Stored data
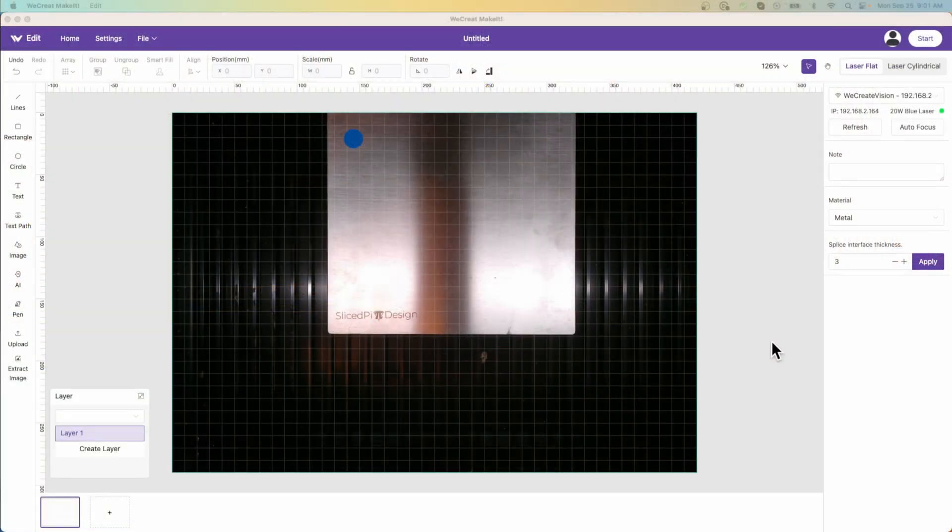Just before I leave WeCreate Make It, there are a couple of other things I didn't talk about. The first is layers. You can certainly create new layers and change the settings on a layer. It doesn't work as well as I think it should — maybe they're still working on this. I really think a layer should have an assigned color so I can select it. It's a minor detail, but it's one of those things that is a learning curve, and in a tool like this that seems like an outlier as far as challenges go. But it's there if you need it.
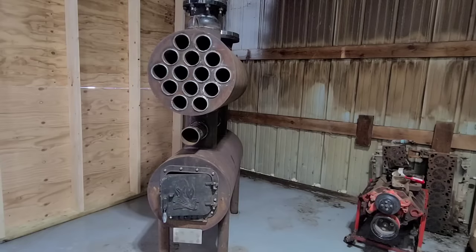Hey there everyone. The day has finally come where we have this wood stove installed. If you haven't seen part 1 and part 2 of the build, I encourage you to go watch those. Today we are going to do the first light on it. We have it positioned kind of where I like it — about 3 feet away from the wall in either direction — and we have the chimney on it. I'll give you a closer look at that.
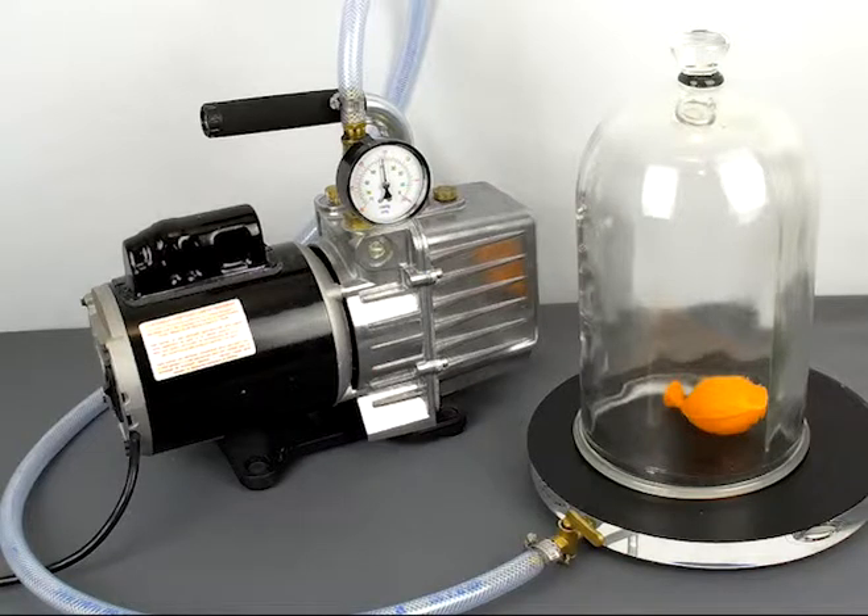Before you do any experiment, please make sure you follow the manufacturer's instructions for the vacuum pump. This model comes with no oil in it, but the oil is included. Make sure you properly fill it with oil and understand all operating instructions before you do the experiment.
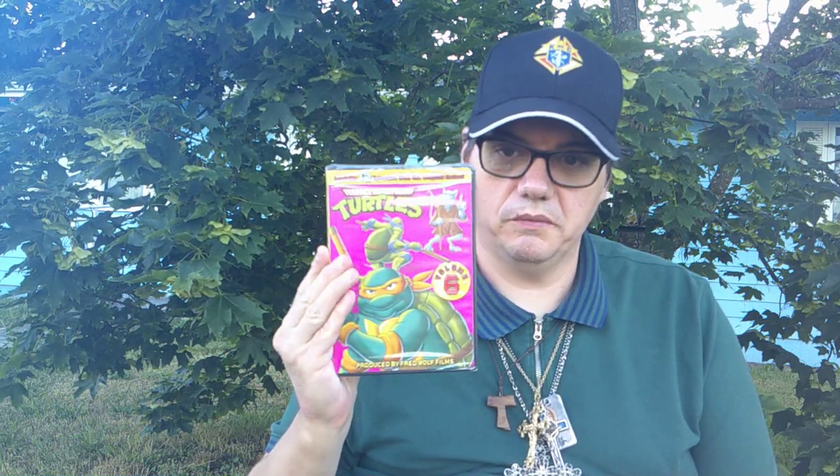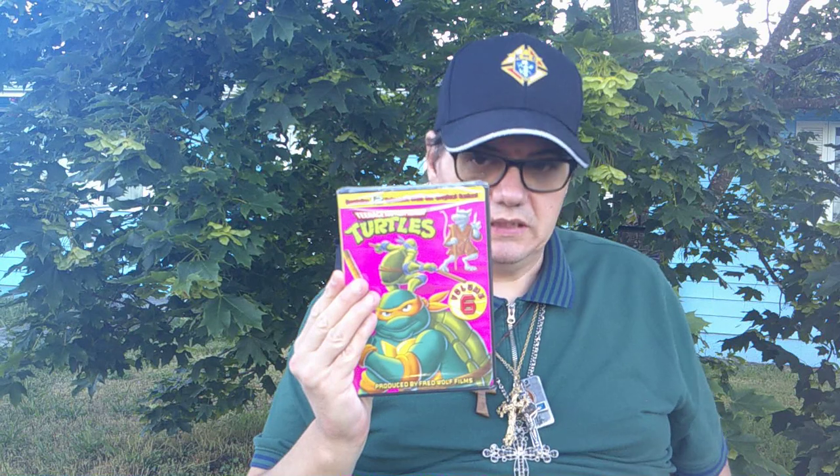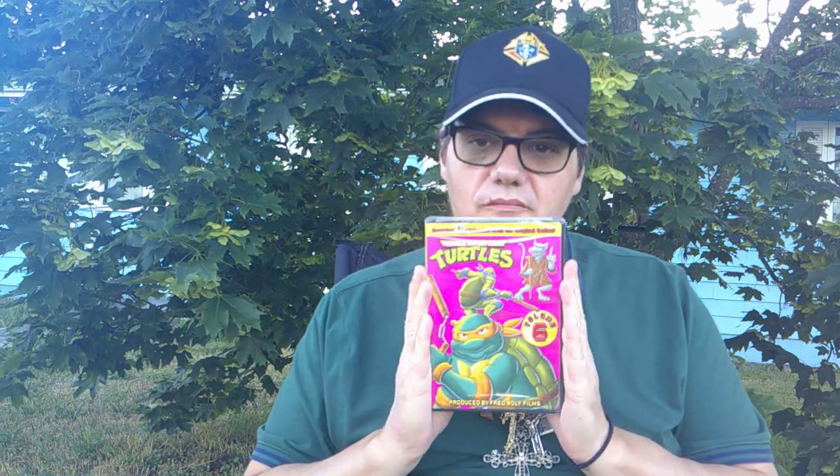Alrighty, that's a showcase that we are about to review, which is Teenage Mutant Ninja Turtles, the original series.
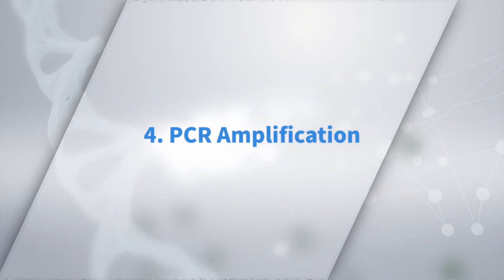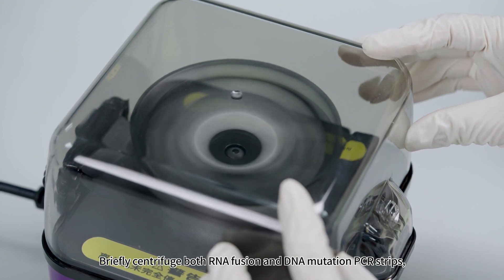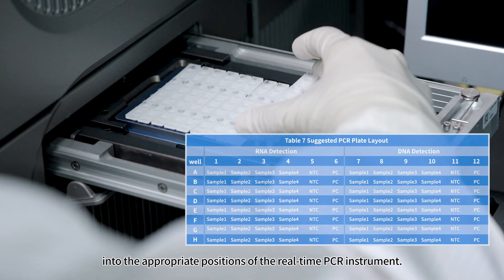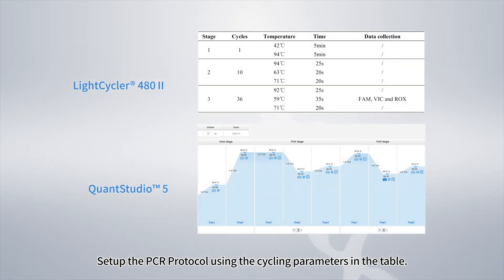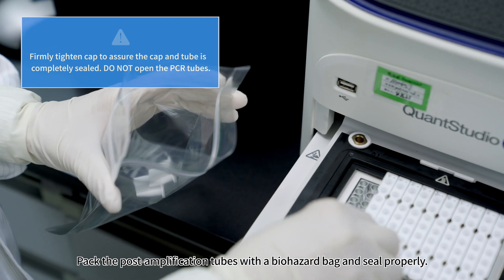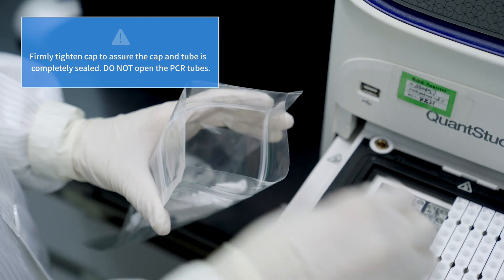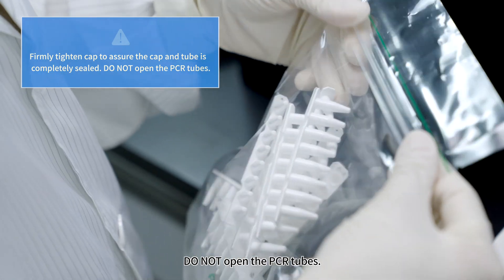For PCR Amplification, briefly centrifuge both the RNA fusion and DNA mutation PCR strips. Place the strips into the appropriate positions on the real-time PCR instrument according to the recommended plate layout. Set up the PCR protocol using the cycling parameters in the table and start the run immediately. After the run, take out the PCR strips promptly, pack the post-amplification tubes in a biohazard bag, seal properly, and firmly tighten caps. Do not open the PCR tubes.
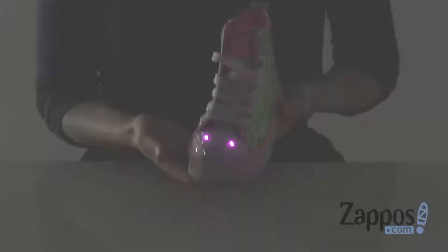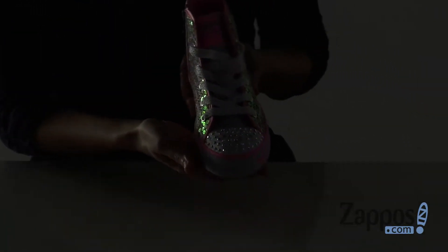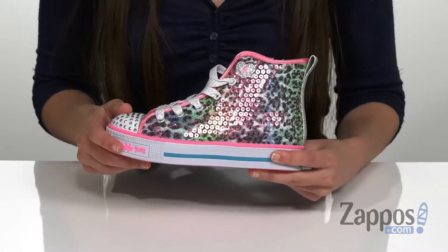Hi, I'm Ariel from Zappos, and this is the Twinkle Light from Skechers Kids. This shimmery sneaker has a textile upper with really fun neon leopard and sequin detailing around the top that's going to catch the light beautifully.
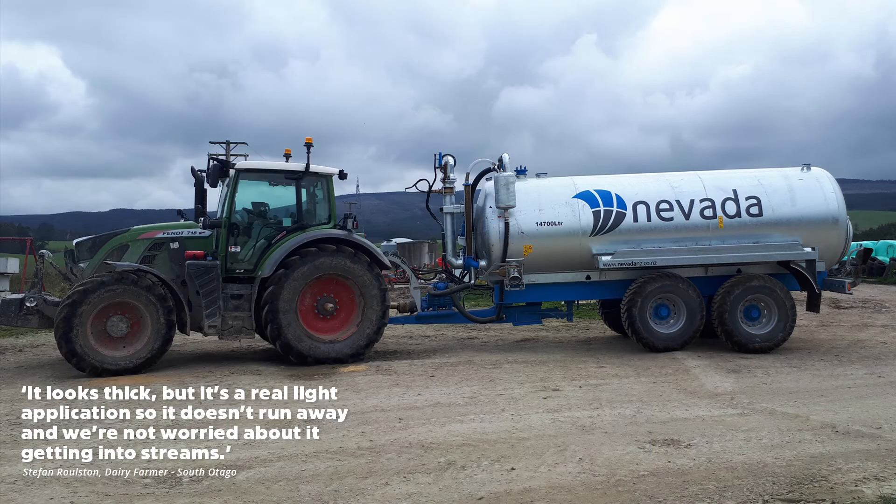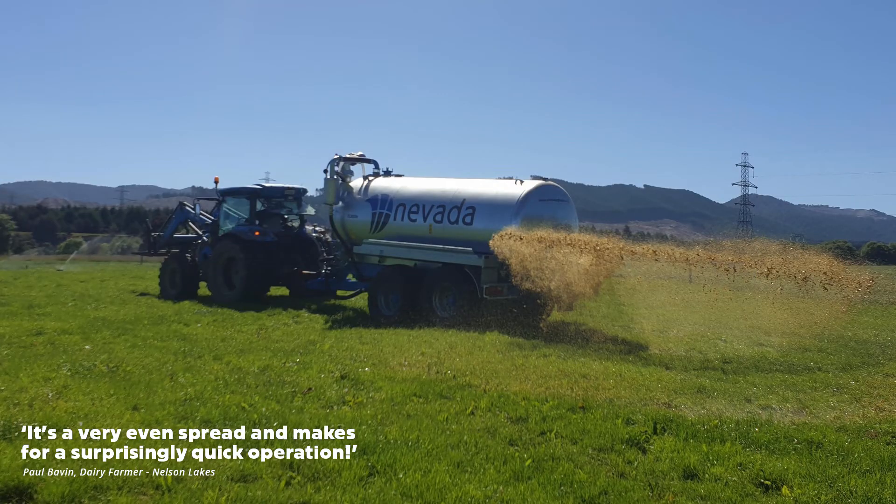Stefan says: "It looks thick, but it's a real light application, so it doesn't run away. And we're not worried about it getting into streams." Paul said: "It's a very even spread and makes for a surprisingly quick operation."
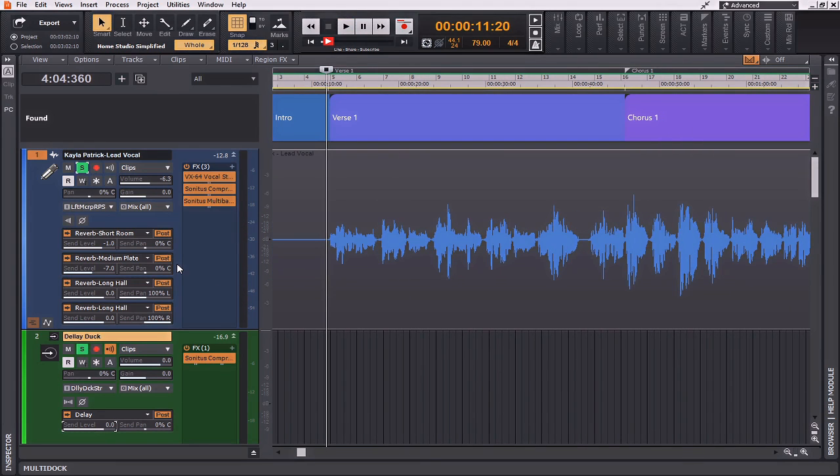That sounds pretty good. It's not going to be overpowering, but it's going to be just enough to add some thickening to the vocal and give it a little bit more character.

*REQUIREMENT:* Set down the lines from the one containing "Hey there everyone." through the last line of the records above, both included, exactly as they appear and with no other text. Pictures should not be set down.

*YOUR RESPONSE:*
Hey there everyone. The day has finally come where we have this wood stove installed. If you haven't seen part 1 and part 2 of the build, I encourage you to go watch those. Today we are going to do the first light on it. We have it positioned kind of where I like it — about 3 feet away from the wall in either direction — and we have the chimney on it. I'll give you a closer look at that.
Before you do any experiment, please make sure you follow the manufacturer's instructions for the vacuum pump. This model comes with no oil in it, but the oil is included. Make sure you properly fill it with oil and understand all operating instructions before you do the experiment.
Alrighty, that's a showcase that we are about to review, which is Teenage Mutant Ninja Turtles, the original series.
For PCR Amplification, briefly centrifuge both the RNA fusion and DNA mutation PCR strips. Place the strips into the appropriate positions on the real-time PCR instrument according to the recommended plate layout. Set up the PCR protocol using the cycling parameters in the table and start the run immediately. After the run, take out the PCR strips promptly, pack the post-amplification tubes in a biohazard bag, seal properly, and firmly tighten caps. Do not open the PCR tubes.
Hi, I'm Ariel from Zappos, and this is the Twinkle Light from Skechers Kids. This shimmery sneaker has a textile upper with really fun neon leopard and sequin detailing around the top that's going to catch the light beautifully.
Stefan says: "It looks thick, but it's a real light application, so it doesn't run away. And we're not worried about it getting into streams." Paul said: "It's a very even spread and makes for a surprisingly quick operation."
That sounds pretty good. It's not going to be overpowering, but it's going to be just enough to add some thickening to the vocal and give it a little bit more character.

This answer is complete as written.